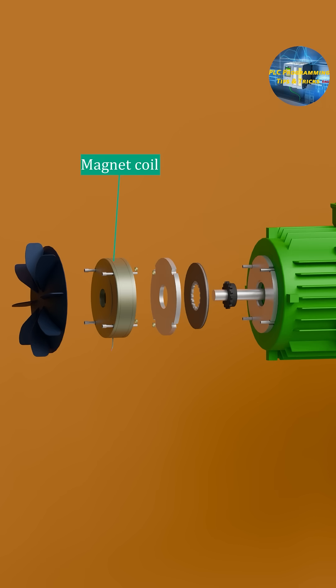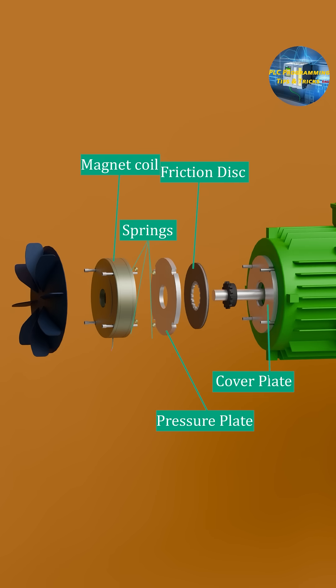Magnet coil creates electromagnetic power. Brake pad friction disc creates stopping force. Springs push brake into action. Pressure plate applies force. Cover plate protects motor body. Hub or teeth gear is connected to the motor shaft.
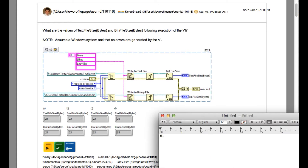Looking at the top section of the VI, the output is going to be 5 plus 5 plus 7 plus 6 for the end of line, giving a total size of 23 bytes. For the bottom section, since the file is written in binary, 4 bytes are prepended as the size of each string. So it is 4 plus 5 plus 4 plus 5 plus 4 plus 7, which equals 33. So our answer is C.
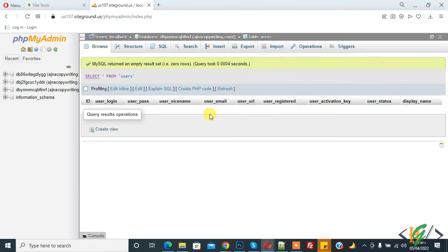Now you see the record is empty. In this way, you can empty a table in the database. I hope you like this video. Please like, comment, share, and subscribe. Thank you for watching.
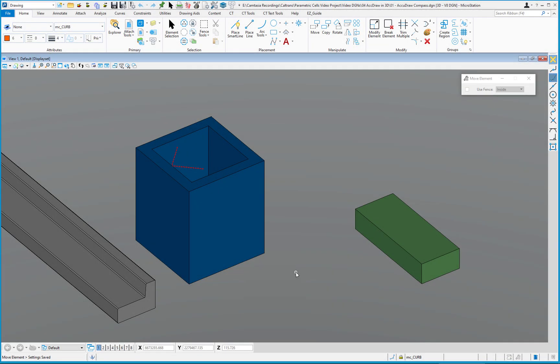If you're going to be working in a 3D file in MicroStation, you're going to need to feel comfortable and work with AccuDraw. It makes things so much easier if you understand and use AccuDraw. This video is going to focus on five different shortcuts that control the orientation of the AccuDraw compass.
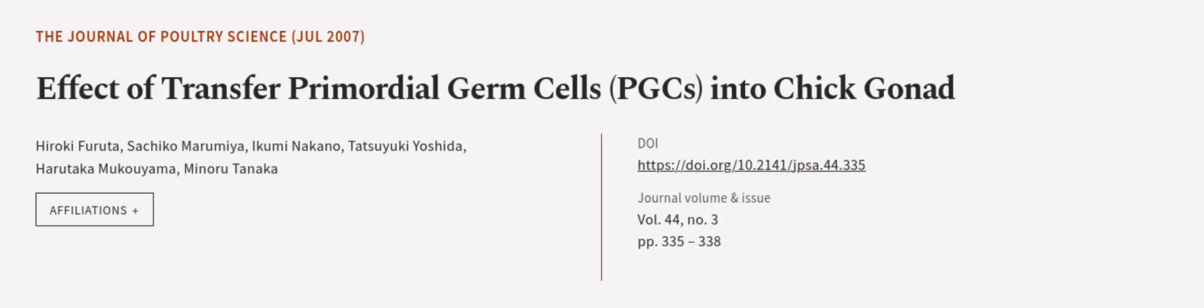This article was authored by Hiroki Furuta, Sachiko Murumiya, Ikumi Nakano, and others. We are article.tv, links in the description below.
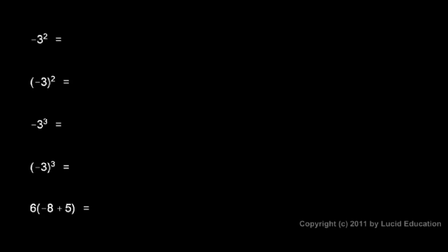We'll work through some practice problems one at a time. First, negative 3 squared. There are no parentheses, so we follow the order of operations. The exponent gets done first, 3 squared, and we have the negative of that. So 3 squared is 9, and the negative of that would be negative 9.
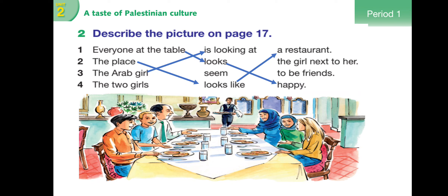The Arab girl is looking at the girl next to her. Here 'looking' means she is watching - not 'seems' - because 'seem/looks' as a feeling verb doesn't take -ing in present continuous. But 'looking' as a motion verb does take -ing. The two girls seem to be friends.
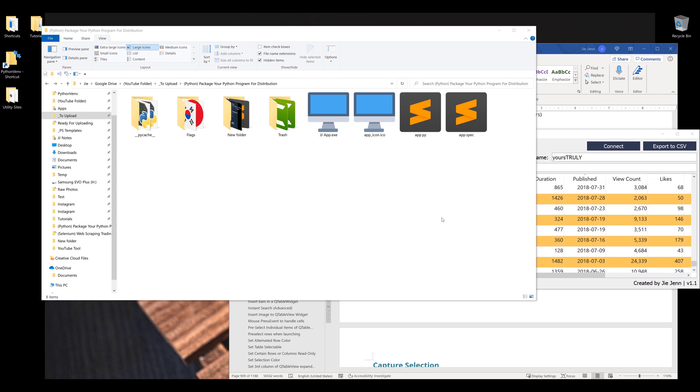Hey, how's it going guys? In this video, I'm going to show you how to use PyInstaller to package your Python program into a standalone executable program.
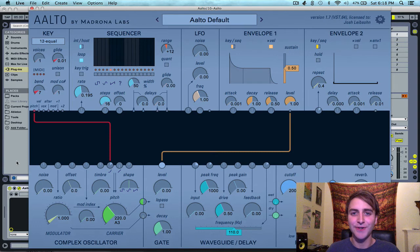Hello everyone, Josh from Agerna Labs here. In this video, I'm going to be going over the sequencer module in Alto.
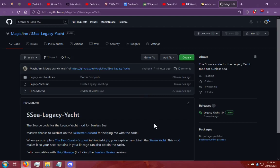What's going on guys? I'm going to give you a very quick tutorial on how to install a mod on Sunless Sea. I just got finished making my mod for Sunless Sea and I noticed that there was zero tutorials out there.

Brief :: Please write out the lines above exactly, from the one that contains "We'll work through" through the final line, and include none of the pictures.

Solution to this exercise ::
We'll work through some practice problems one at a time. First, negative 3 squared. There are no parentheses, so we follow the order of operations. The exponent gets done first, 3 squared, and we have the negative of that. So 3 squared is 9, and the negative of that would be negative 9.
The Arab girl is looking at the girl next to her. Here 'looking' means she is watching - not 'seems' - because 'seem/looks' as a feeling verb doesn't take -ing in present continuous. But 'looking' as a motion verb does take -ing. The two girls seem to be friends.
Hey, how's it going guys? In this video, I'm going to show you how to use PyInstaller to package your Python program into a standalone executable program.
Hello everyone, Josh from Agerna Labs here. In this video, I'm going to be going over the sequencer module in Alto.
What's going on guys? I'm going to give you a very quick tutorial on how to install a mod on Sunless Sea. I just got finished making my mod for Sunless Sea and I noticed that there was zero tutorials out there.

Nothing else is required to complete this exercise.